Proposition n° 50 de M. Weissberg : Soumettre tout refus de réinscription d’un élève en cours de cycle à autorisation du recteur ; pour les cités scolaires comprenant un collège et un lycée, demander au recteur une vigilance particulière sur le taux de poursuite de scolarité à la fin de la 3ème, le cas échéant en sollicitant des chefs d’établissements des éléments de nature à justifier un taux anormalement bas.

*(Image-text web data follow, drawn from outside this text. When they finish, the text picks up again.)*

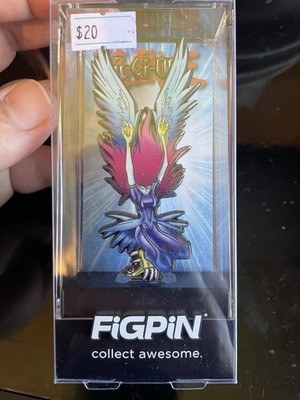 Figpin Harpie Lady 1506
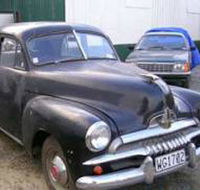 Ricks Auto Museum - NT Tourism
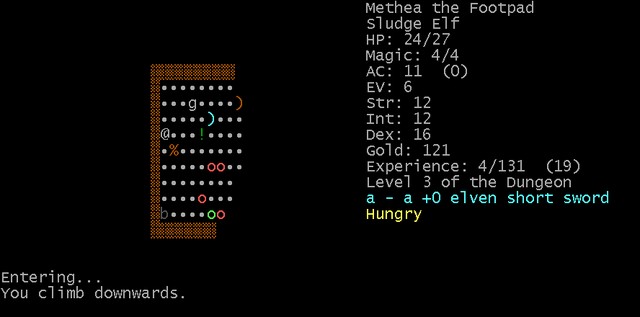 A picture of Linley's Dungeon Crawl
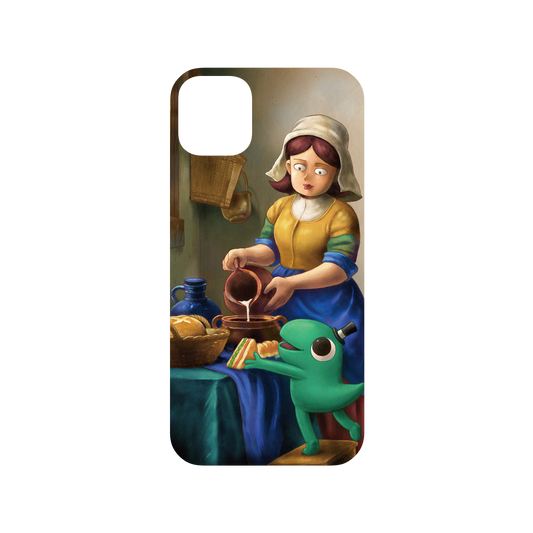RHINOSHIELD X Incrediville  Mod NX iPhone 11 Pro Max Case - Breakfast in Incrediville Backplate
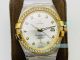 OE Factory Replica Omega Constellation Yellow Gold Diamond Bezel White Diamond Marks Dial Watch (4)_th.jpg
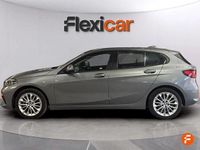 Usado BMW 118 136 CV (100 kW) 2023 Gris Utilitario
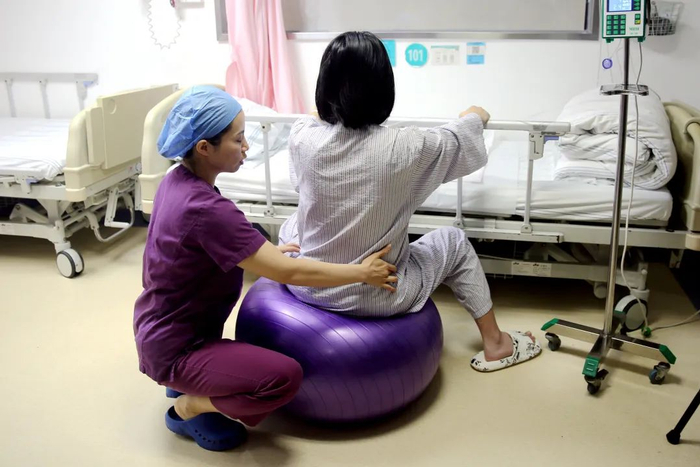 医院里的"年味",也有家的温暖|分娩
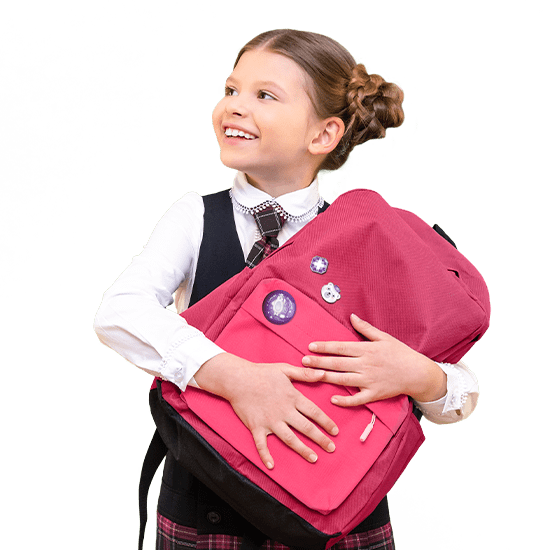 Сад и школа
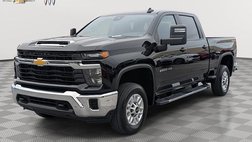 2024 Chevrolet Silverado 2500HD LT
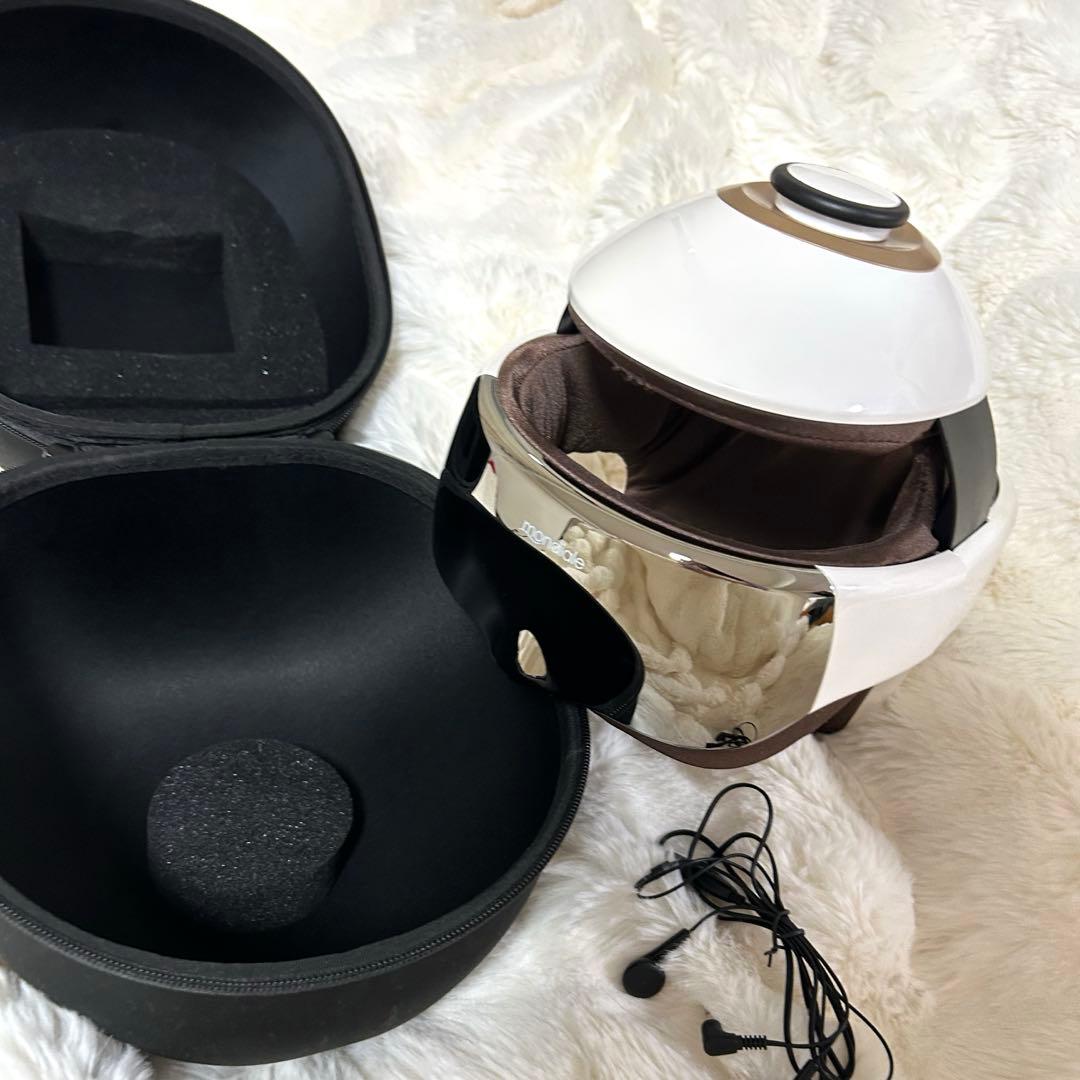 頭痛・肩こりに！モンデールヘッドスパ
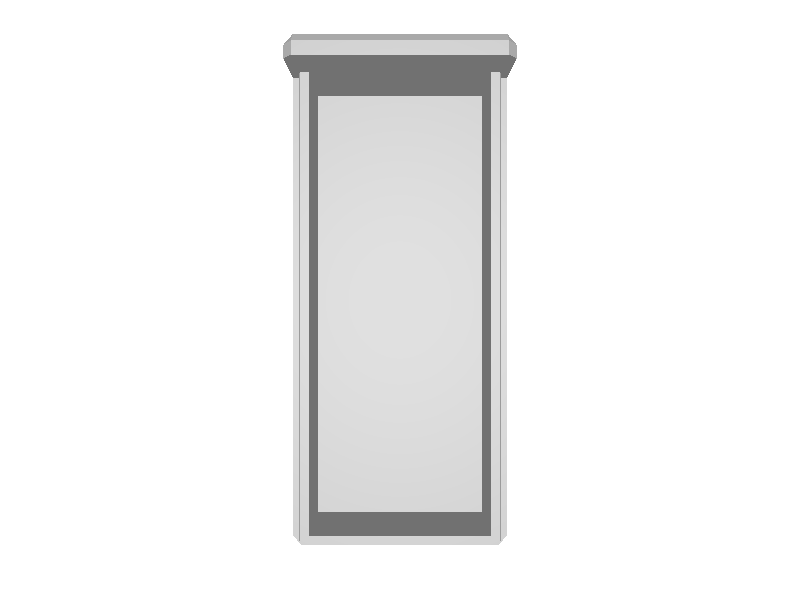 9mm Ammo Storage Box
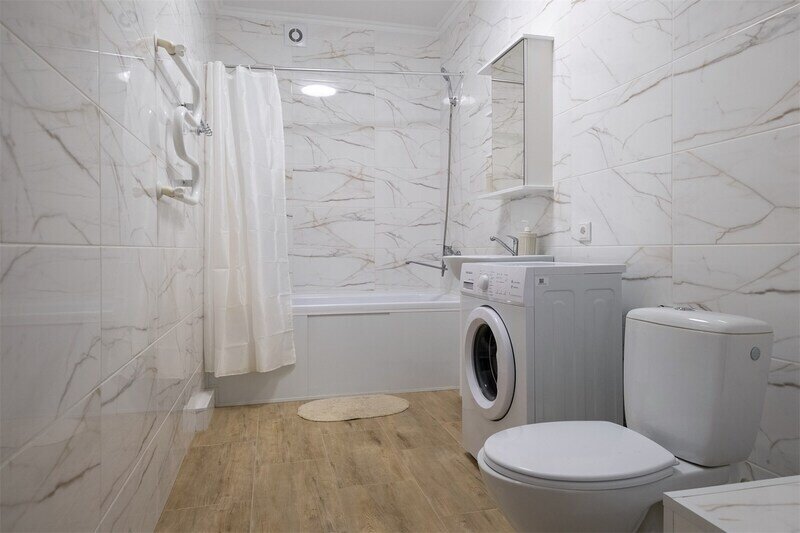 Апартаменты 4-местные №163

Proposition n° 51 de M. Vannier : Introduire un mécanisme de pénalité financière des établissements privés sous contrat pratiquant l’éviction des élèves les plus en difficulté sous la forme d’un montant remboursable à l’État de 10.000 euros par élève interdit de poursuivre son parcours scolaire au sein de l’établissement ou de la cité scolaire.
Proposition n° 52 : Étendre les dispositions du code de l’éducation relatives aux procédures disciplinaires applicables dans les établissements publics (articles D. 511-30 et suivants) aux établissements privés sous contrat, notamment l’existence d’une procédure d’appel devant le recteur.
Proposition n° 53 : Transférer la compétence du contentieux des procédures disciplinaires dans les établissements privés au juge administratif, déjà compétent pour les contentieux relatifs au redoublement et à l’orientation.
Proposition n° 54 : Prévoir un préavis minimal compatible avec le temps nécessaire à une réinscription dans un autre établissement pour la notification de non-réinscription dans l’établissement l’année suivante.
Proposition n° 55 : Sur le modèle du contrat d’objectifs prévu pour les établissements publics à l’article L. 421-4 du code de l’éducation, mettre en place un contrat d’objectifs et de moyens contraignant, renouvelé tous les trois à quatre ans, qui fixe de manière précise les objectifs en matière de mixité sociale et scolaire, les indicateurs associés et les moyens destinés à les mettre en œuvre, ainsi que les obligations d’application des politiques du service public de l’éducation et les sanctions associées en cas de non-respect allant jusqu’à la rupture du contrat.